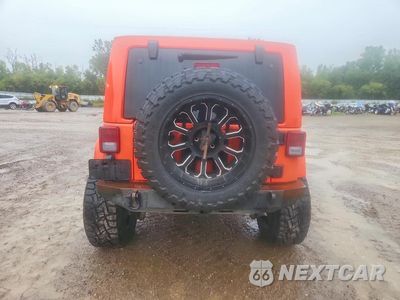 Zdjęcie 6 z 13 samochodu: 2015 JEEP WRANGLER UNLIMITED SAHARA VIN:1C4BJWEG7FL700197 - miniatura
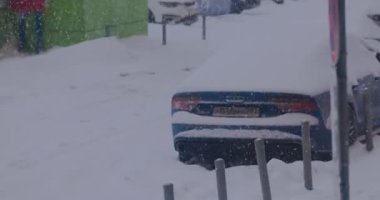 Kış tipi ve park yerinde karla kaplı arabalar.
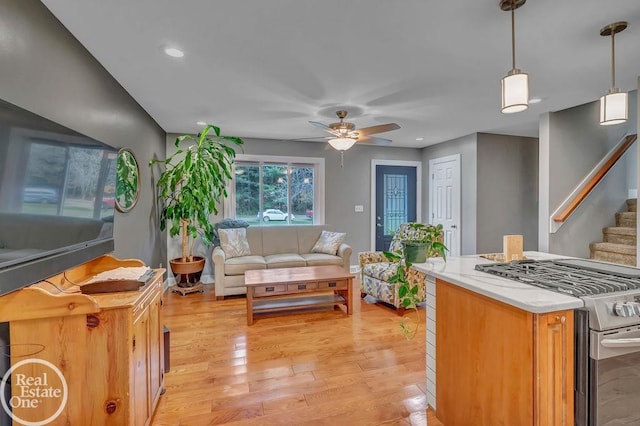 kitchen with stainless steel range with gas cooktop, light wood-type flooring, ceiling fan, and hanging light fixtures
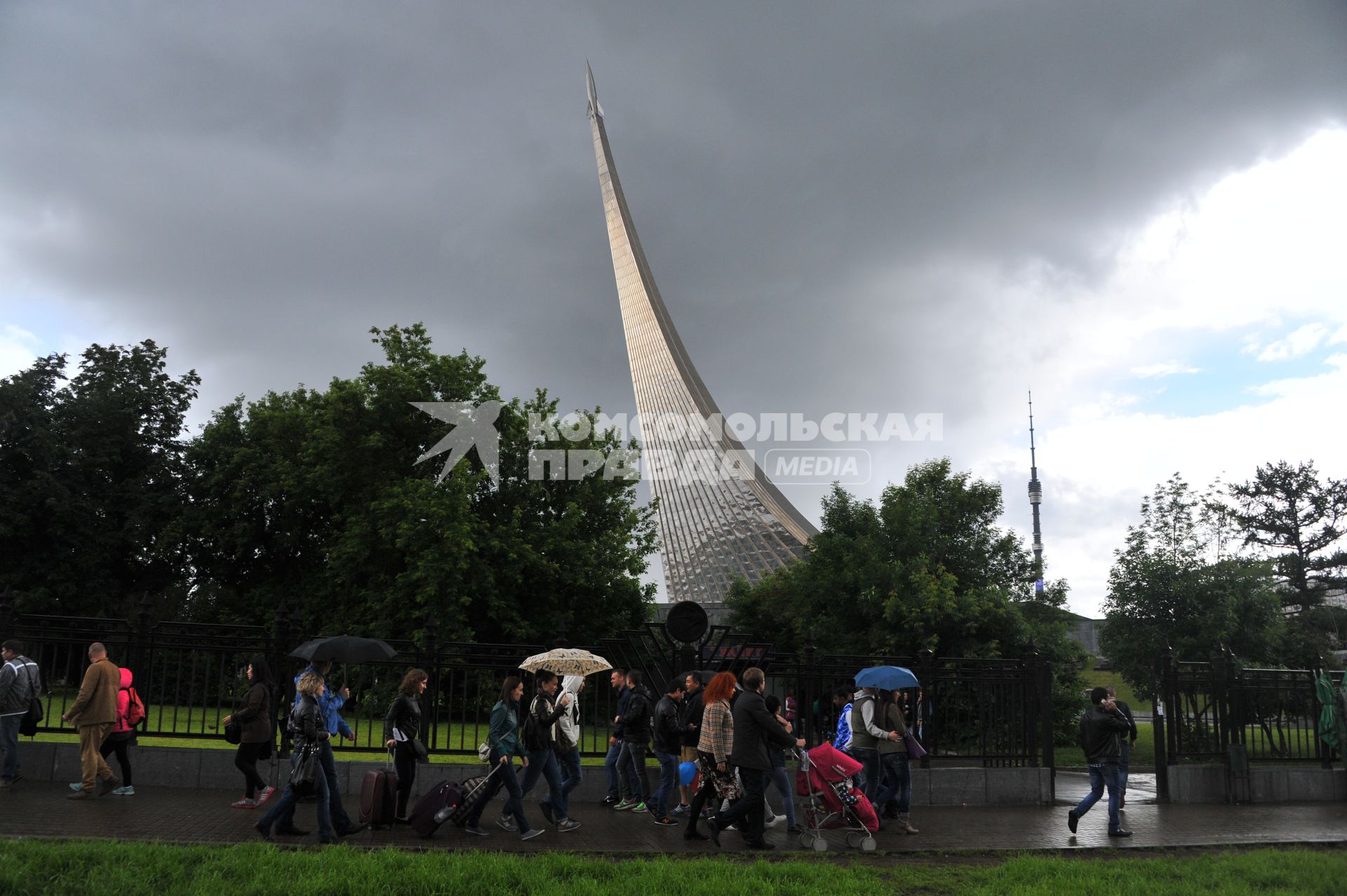 Москва.  Прохожие под дождем в районе станции метро ВДНХ около монумента `Покорителям космоса`.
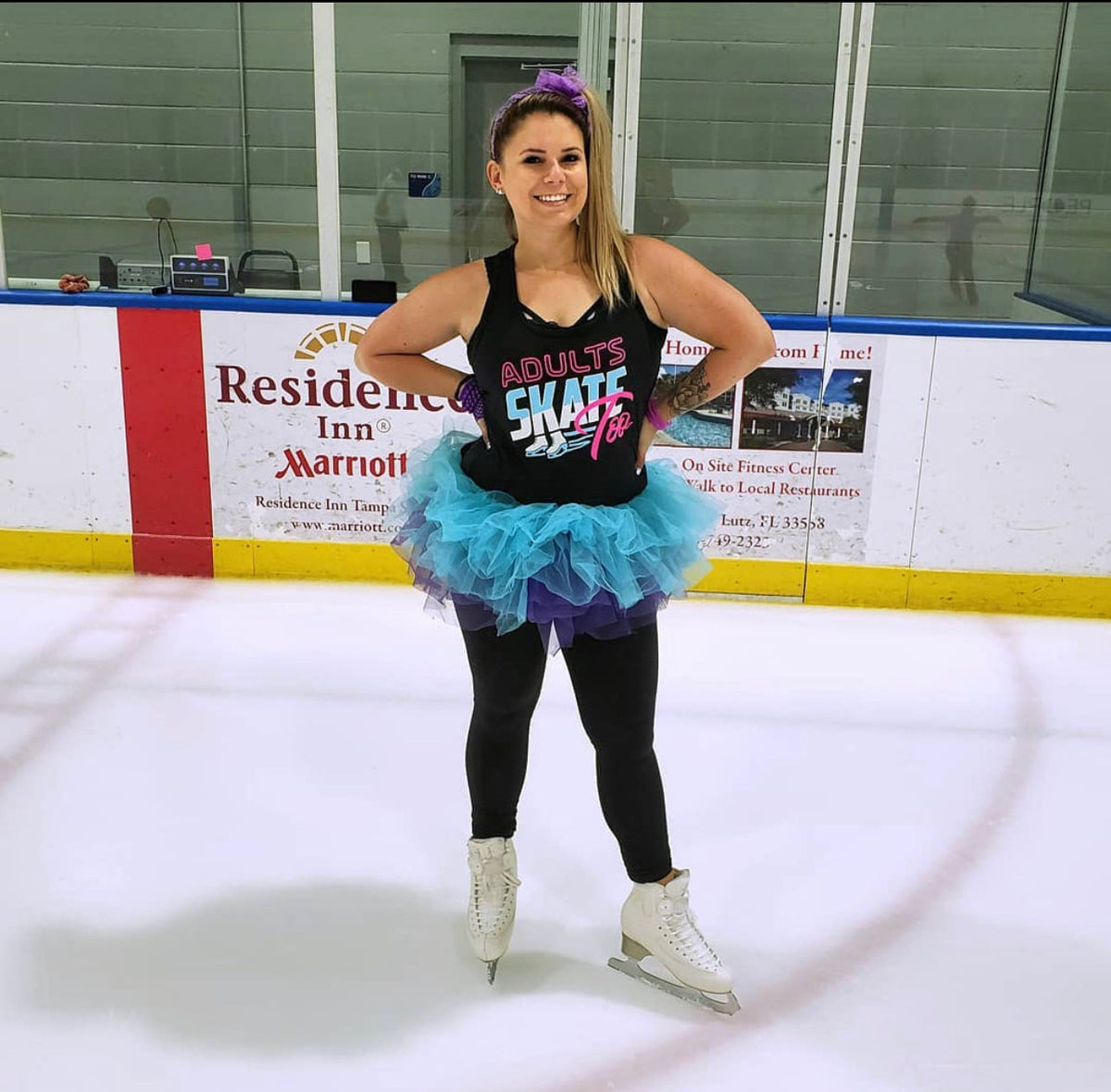 An adult skater in an Adults Skate Too tank top and a blue and purple tutu smiling on the ice in white figure skates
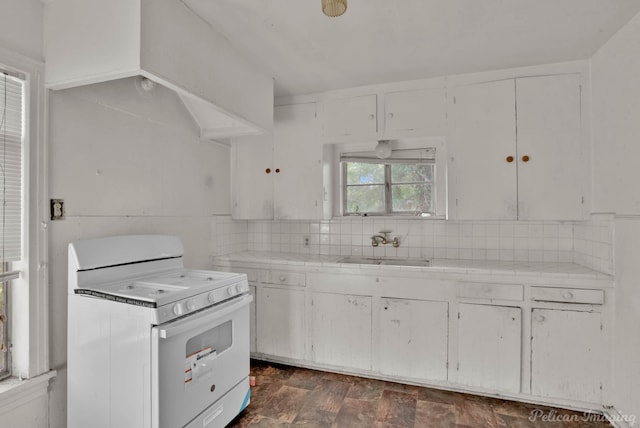 kitchen featuring white range, decorative backsplash, sink, tile counters, and white cabinets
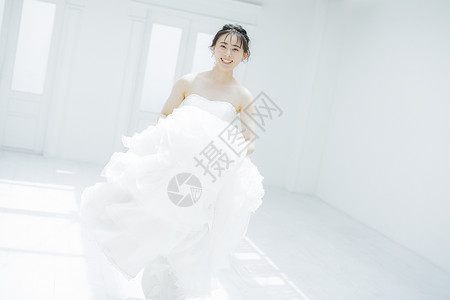 新娘提起婚纱的裙摆奔跑图片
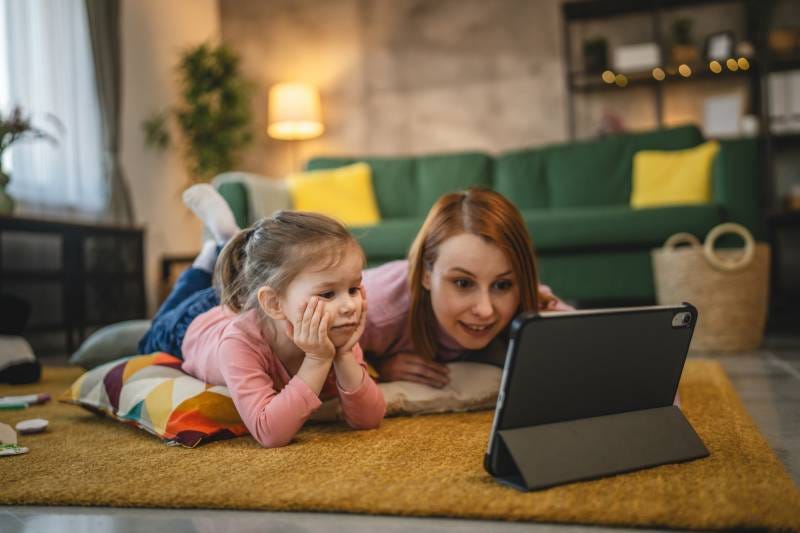 Mother and daughter use digital tablet to on living room floor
:::
* Work order: Starting at the line that contains "kitchen with stainless", transcribe every line through the end of the listing exactly, including both end lines and excluding pictures.

* Completed exercise:
 kitchen with stainless steel range with gas cooktop, light wood-type flooring, ceiling fan, and hanging light fixtures
 Москва.  Прохожие под дождем в районе станции метро ВДНХ около монумента `Покорителям космоса`.
 An adult skater in an Adults Skate Too tank top and a blue and purple tutu smiling on the ice in white figure skates
 kitchen featuring white range, decorative backsplash, sink, tile counters, and white cabinets
 新娘提起婚纱的裙摆奔跑图片
 Mother and daughter use digital tablet to on living room floor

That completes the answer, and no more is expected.